La problématique doit être assez courante puisque j'ai reçu un certain nombre d'entrepreneurs qui avaient cette double perspective et tentaient de faire les 2 à la fois.
D'emblée, je leur avoue que je ne comprends pas très bien et que la démarche relève, pour moi, d'une certaine incohérence.
Soit on croit à son modèle et on pense qu'on a la capacité à le pousser plus loin, et dans ce cas en effet il faut lever pour accélérer, soit on ne le pense pas et alors il vaut mieux vendre au plus offrant, en supposant que des acheteurs intéressés existent.
Par contre, je vois quand même dans cette démarche un mérite, c'est qu'elle pousse à se poser les vraies questions, qui sont de 2 ordres :
- Sur la qualité intrinsèque du modèle, autrement dit sa capacité à délivrer de la valeur de façon pérenne, en ayant construit des avantages concurrentiels solides. Que ce soit par des brevets et une avance technologique, des produits innovants, des exclusivités, une vraie marque avec une clientèle régulière, des capacités d'achat supérieures, des capacités de production low cost, que sais-je encore, il faut avoir ces avantages concurrentiels. Sans avantage concurrentiel, il n'y a pas de bon modèle, that's all about it.
- Sur sa capacité d'exécution, on peut avoir un bon modèle intrinsèquement mais ne pas être forcément le mieux placé pour l'exécuter, on est trop jeune, on ne pourra pas avoir les ressources humaines ou financières, on a plus envie et on est lassé, etc.
Lever des capitaux si on a pas un modèle de qualité et/ou si on a pas vraiment la capacité d'exécution, cela ne peut pas créer beaucoup de valeur économique.
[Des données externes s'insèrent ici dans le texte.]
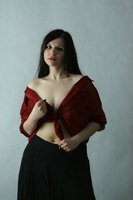 Lady in black & red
Si par contre on a un modèle de qualité moyenne mais que celui-ci prendra toute sa valeur dans un autre contexte, ie adossé à un groupe plus puissant qui apportera quelques facteurs clés de succès, là il y a effectivement intérêt à vendre, modulo la question du timing pour optimiser la sortie.
Par ailleurs, 3 bons conseils : il faut toujours rester ouvert, flexible et optimiste. Je veux dire par là que même si un modèle est mauvais ou médiocre, on peut quasiment toujours partir des quelques bonnes bases et acquis existants pour le réinventer, le repositionner et en faire un modèle correct voire brillant (ce qui demande cependant de savoir opérer une analyse très juste).
C'est d'ailleurs très rare d'avoir un bon modèle du 1er coup. Il faut donc toujours rester lucide, pragmatique, réaliste, ne pas s'entêter quand de façon évidente le "marché" ne va pas du tout dans le même sens que vous, ni ne frémit dans le même sens que vous ! Peu importe de se planter une ou plusieurs fois si in fine on arrive à dégager de la valeur qui paye les pots cassés initialement.
Et pour arriver in fine à dégager de la valeur, une seule règle, ne pas aller au tapis ! Comme dans un ring, tant qu'on peut se relever, il y a de l'espoir.
Quand on lance un modèle nouveau, et c'est souvent le cas des modèles Internet, on se lance un peu dans l'inconnu, il est donc normal de se planter. Mais ce qui l'est beaucoup moins, c'est de ne pas être lucide et de s'entêter à ne pas écouter le marché !
En bref, se vendre ou lever des capitaux pour accélérer ne peut pas être une démarche parallèle, mais doit essentiellement être l'aboutissement d'une vraie réflexion de fond.